Progress bar doesn't show up on Kaggle TPU with `num_workers` greater than `0`. #9814

RahulBhalley · 2021-10-04T09:41:24Z

🐛 Bug

As the issue title says: the progress bar doesn't show up on Kaggle TPU with num_workers greater than 0.

Disclaimer: I haven't tested this program on Google Colab TPU.

To Reproduce

Set num_workers to any number greater than zero up to max CPU cores. On Kaggle, the following code sets it to 4.

train_dataset_loader = DataLoader(train_dataset, 
                                  batch_size=BATCH_SIZE, 
                                  shuffle=True, 
                                  num_workers=multiprocessing.cpu_count(),
                                  drop_last=True)

The training is successful but instead of showing progress bar the following output is shown:

2021-10-04 04:35:45.588313: W tensorflow/stream_executor/platform/default/dso_loader.cc:60] Could not load dynamic library 'libcudart.so.11.0'; dlerror: libcudart.so.11.0: cannot open shared object file: No such file or directory; LD_LIBRARY_PATH: /opt/conda/lib
/opt/conda/lib/python3.7/site-packages/pytorch_lightning/trainer/callback_hook.py:103: LightningDeprecationWarning: The signature of `Callback.on_train_epoch_end` has changed in v1.3. `outputs` parameter has been removed. Support for the old signature will be removed in v1.5
  "The signature of `Callback.on_train_epoch_end` has changed in v1.3."
/opt/conda/lib/python3.7/site-packages/pytorch_lightning/plugins/training_type/tpu_spawn.py:192: UserWarning: cleaning up tpu spawn environment...
  rank_zero_warn("cleaning up tpu spawn environment...")

Expected behavior

The progrès bar must show up.

Environment

PyTorch Lightning Version: 1.4.9
PyTorch Version: 1.8.0a0+6e9f2c8
Python version: 3.7.10
OS (e.g., Linux): Linux
CUDA/cuDNN version: N/A
GPU models and configuration: N/A
How you installed PyTorch (conda, pip, source): pip
If compiling from source, the output of torch.__config__.show(): N/A
Any other relevant information: TPU on Kaggle

Additional context

N/A

cc @kaushikb11 @rohitgr7 @tchaton

The text was updated successfully, but these errors were encountered:

Programmer-RD-AI · 2021-10-04T12:04:17Z

ok I will check the issue and check back

Programmer-RD-AI · 2021-10-04T16:35:20Z

hi can you please send me the "train_dataset" that you are using. thank you

RahulBhalley · 2021-10-04T23:46:29Z

Here is the data loader function:

def get_dataset_loader():
    transform = transforms.Compose([
        transforms.Resize(IMAGE_SIZE), # the shorter side is resize to match image_size
        transforms.CenterCrop(IMAGE_SIZE),
        transforms.ToTensor(), # to tensor [0,1]
        transforms.Lambda(lambda x: x.mul(255)) # convert back to [0, 255]
    ])
    train_dataset = datasets.ImageFolder(DATASET, 
                                         transform)
    train_loader = DataLoader(train_dataset,
                              batch_size=BATCH_SIZE,
                              shuffle=True,
                              num_workers=multiprocessing.cpu_count(),
                              drop_last=True)
    return train_loader

# Load train dataset
train_dataloader = get_dataset_loader()

Here, DATASET="../input/coco-2017/train2017/". This dataset can be found at this link.

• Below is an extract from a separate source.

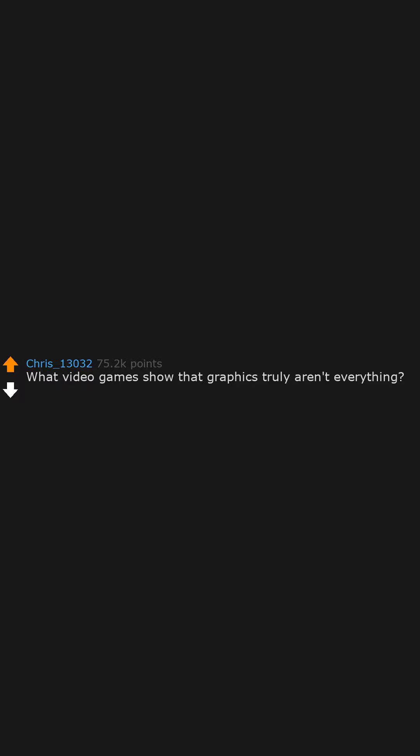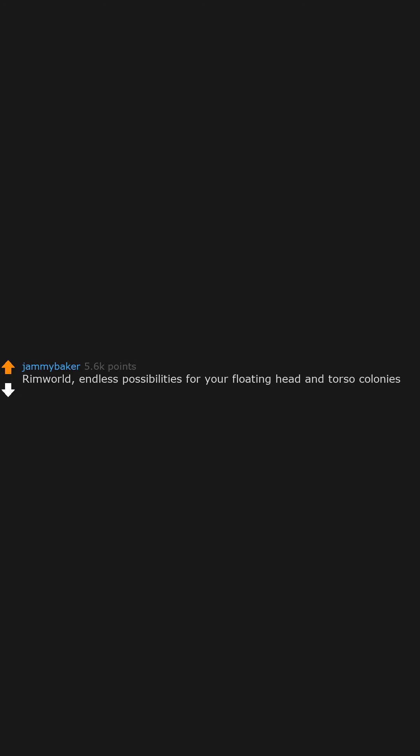What video games show that graphics truly aren't everything? Rimworld. Endless possibilities for your floating head and torso colonies.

Programmer-RD-AI · 2021-10-05T03:21:49Z

ok thank you I will check it

Programmer-RD-AI · 2021-10-05T20:19:13Z

hi I also tried this train loader function with a GPU and Kaggle TPU but even when num_workers is 0 it doesn't give a progress bar https://www.kaggle.com/ranugadisansagamage/notebook353e8aa184 this is the notebook in Kaggle that I used I installed Pytorch 1.8 also is there any differences in this code.

RahulBhalley · 2021-10-06T14:55:58Z

I can't see the notebook. You haven't saved a version with execution. Btw for me GPU execution is not a problem even if I set CPU cores to max i.e. 4 in case of Kaggle.

Programmer-RD-AI · 2021-10-06T15:12:59Z

hi I updated the kaggle notebook can you please check it and confirm that the code is correct https://www.kaggle.com/ranugadisansagamage/notebook353e8aa184

Programmer-RD-AI · 2021-10-06T15:26:45Z

notebook353e8aa184.zip

Programmer-RD-AI · 2021-10-06T15:26:58Z

notebook353e8aa184.zip

this is the same in https://www.kaggle.com/ranugadisansagamage/notebook353e8aa184

RahulBhalley · 2021-10-06T15:29:36Z

notebook353e8aa184.zip

There seem to be a training loop there.

My notebooks output when I set num_workers=4 is the following. Looks like whole RAM is consumed whereas in case of GPU this is not an issue at all.

/opt/conda/lib/python3.7/site-packages/pytorch_lightning/plugins/training_type/tpu_spawn.py:192: UserWarning: cleaning up tpu spawn environment...
  rank_zero_warn("cleaning up tpu spawn environment...")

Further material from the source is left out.